Cornamuse, sax, violini disseminano i giorni di ritrovate sensazioni. Lasciamoci immergere nel fiume carsico di percezioni rare. La corsa, qualunque essa sia, rallenta, ma gli spot imperversano, gli altoparlanti disseminano occasioni e distrazioni. Nelle ore più belle dell’anno, quando un Bimbo nasce, povero tra i poveri c’è modo, forse, di ritrovare un fremito di umanità. Facciamoci cullare dalle melodie d’un tempo, respiriamo le ore di una volta.
L’attesa impregnata di desideri, i passi attutiti dalla neve e induriti dal freddo: sono il terreno fertile per rivedere i tempi di quando non avevamo nulla. Ma eravamo felici per un mandarino e due noccioline, la serata con nonni e zii a snocciolare la vita in allegria, soprattutto in serenità. Prima della Messa di mezzanotte, il “suc ’d Natal” nel camino o nel “potagè” per prepararci un’accoglienza tenera, dopo. Ora, certo, il mondo è cambiato. Forse in peggio. Tecnologico, veloce, agguerrito, manageriale, ma spesso senz’anima. Perché siamo travolti dal rumore e dai rumori.
«Se non faremo nulla, il silenzio rischia di sparire nei prossimi dieci anni». A lanciare l’allarme è l’ecologo americano Gordon Hempton, che da 35 anni percorre il mondo, microfono alla mano, lavorando in silenzio per cogliere le voci della vita, i suoni del bosco, delle foglie, del vento, dell’uomo, i suoni della vita.
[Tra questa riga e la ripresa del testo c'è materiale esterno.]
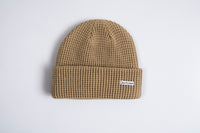 Autumn Waffle Beanie - Sand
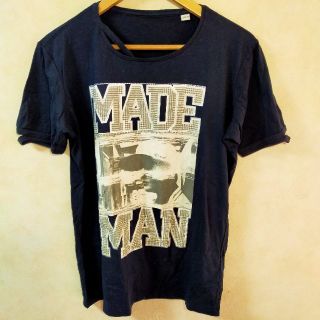 ディーゼル(DIESEL)のディーゼル　DIESEL　Mサイズ　プリントTシャツ 半袖(Tシャツ/カットソー(半袖/袖なし))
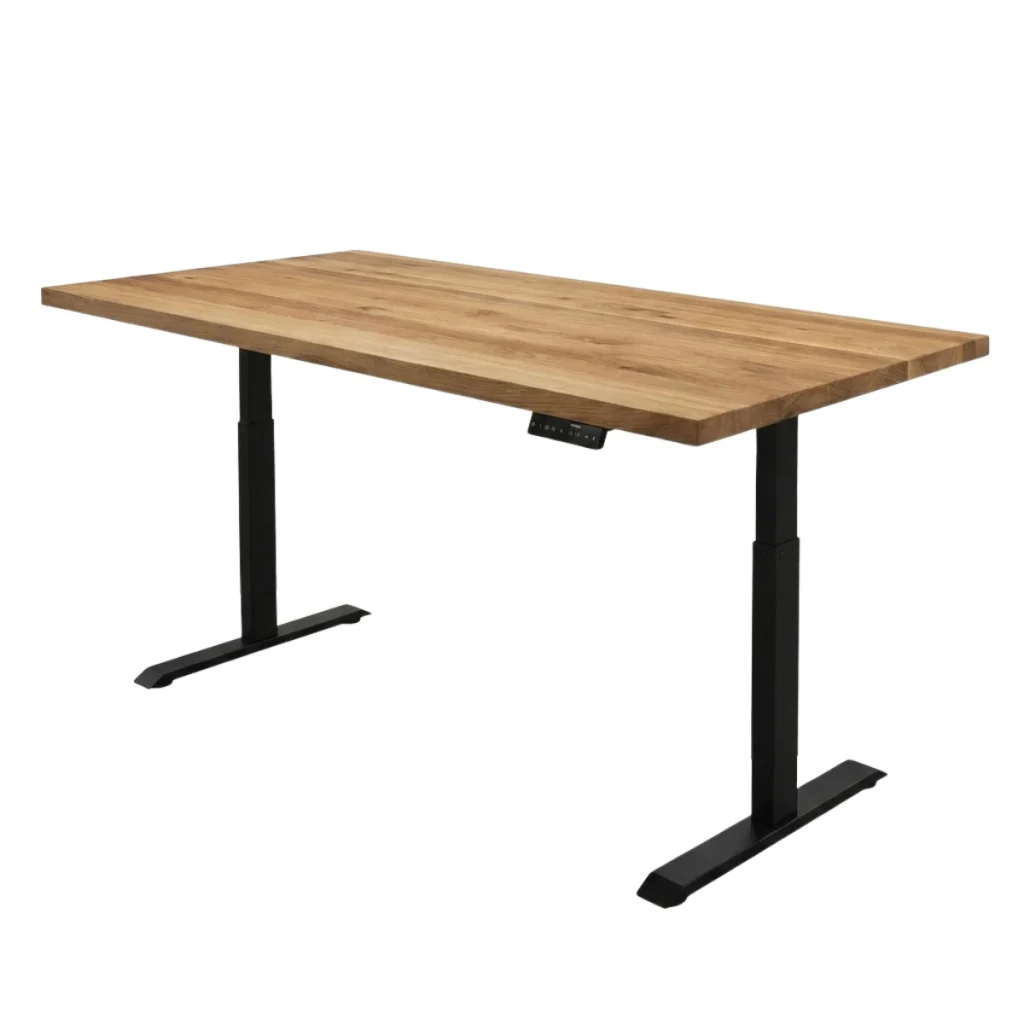 Dvižna pisalna miza Elin - Hrast - 120 - 160 cm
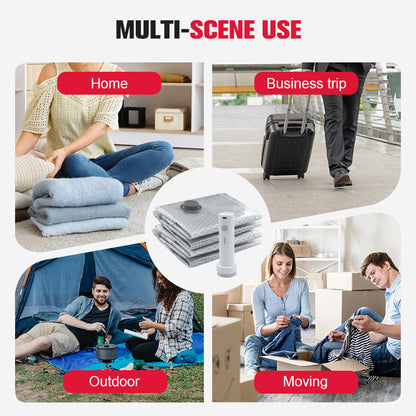 🗄️ Professional-grade vacuum storage bags—save 80% space, moisture-proof and humidity-resistant, a travel essential! 🗄️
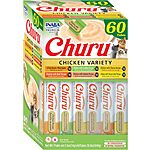 60-Count INABA Churu Grain-Free Lickable Squeezable Creamy Purée Cat Treats $18 or less w/ S&amp;S + Free S/H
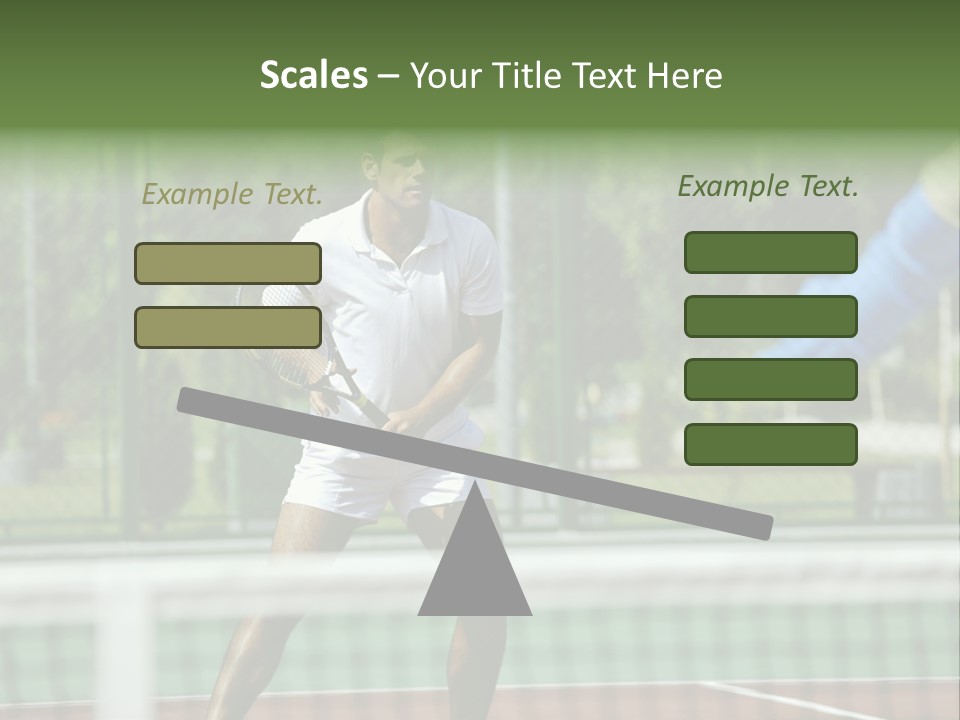 Health Lifestyle Green PowerPoint Template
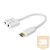 Equip Átalakító - 133460 (USB-C to Audio, 2x3,5mm Jack, ezüst)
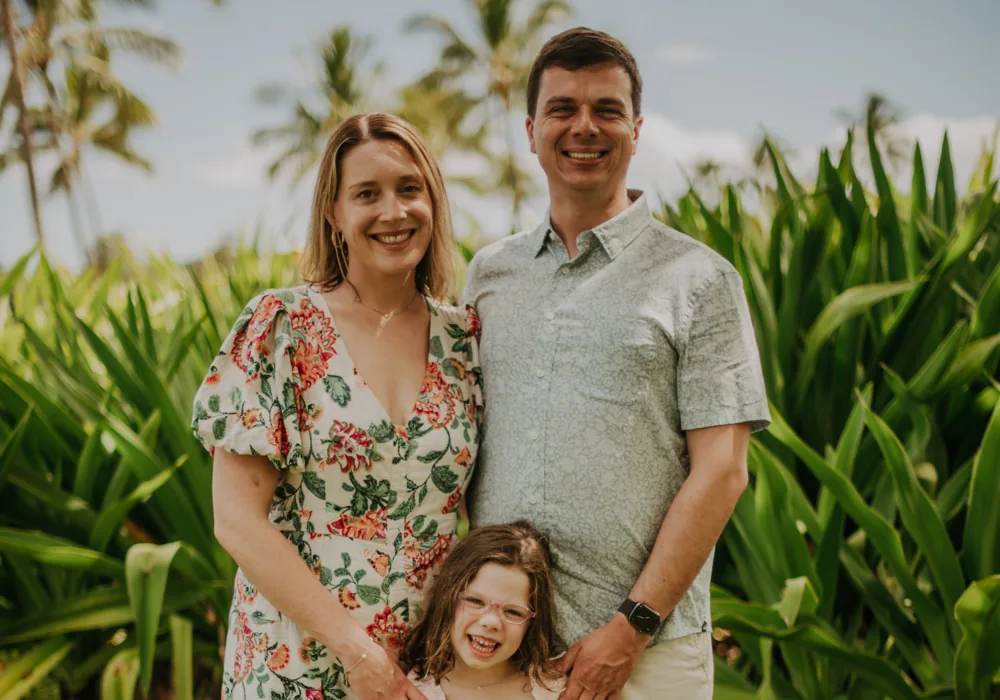 Zoe with her family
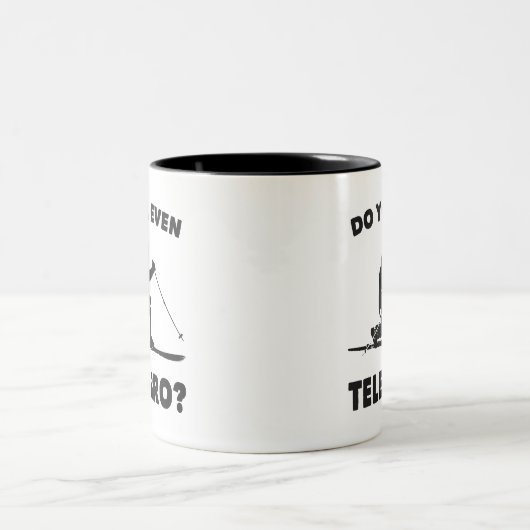 Tele Bro? Tweekleurige Koffiemok (Center)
Non cerca il “silenzio assoluto”. Non saprebbe che farsene lui e neppure noi. Ma vorremmo tornare a sentire, nelle campagne, il latrare e i segnali dei cani, nelle città i rumori delle case, uditi e colti dalle strade, se le accelerate dei motori di moto e auto lo permettono tra le musichette dei supermercati, i tocchi metallici dei bancomat, delle banche, degli ascensori. Il nostro orecchio percepisce umori distanti anche venti chilometri. Ma quando mai l’abbiamo capito? Per colpa della corsa, del deserto della crisi e i mille casini l’abbiamo dimenticato. Perfino nel cuore della foresta Amazzonica, a duemila chilometri dalla città più vicina, il rombo di un reattore ci può raggiungere.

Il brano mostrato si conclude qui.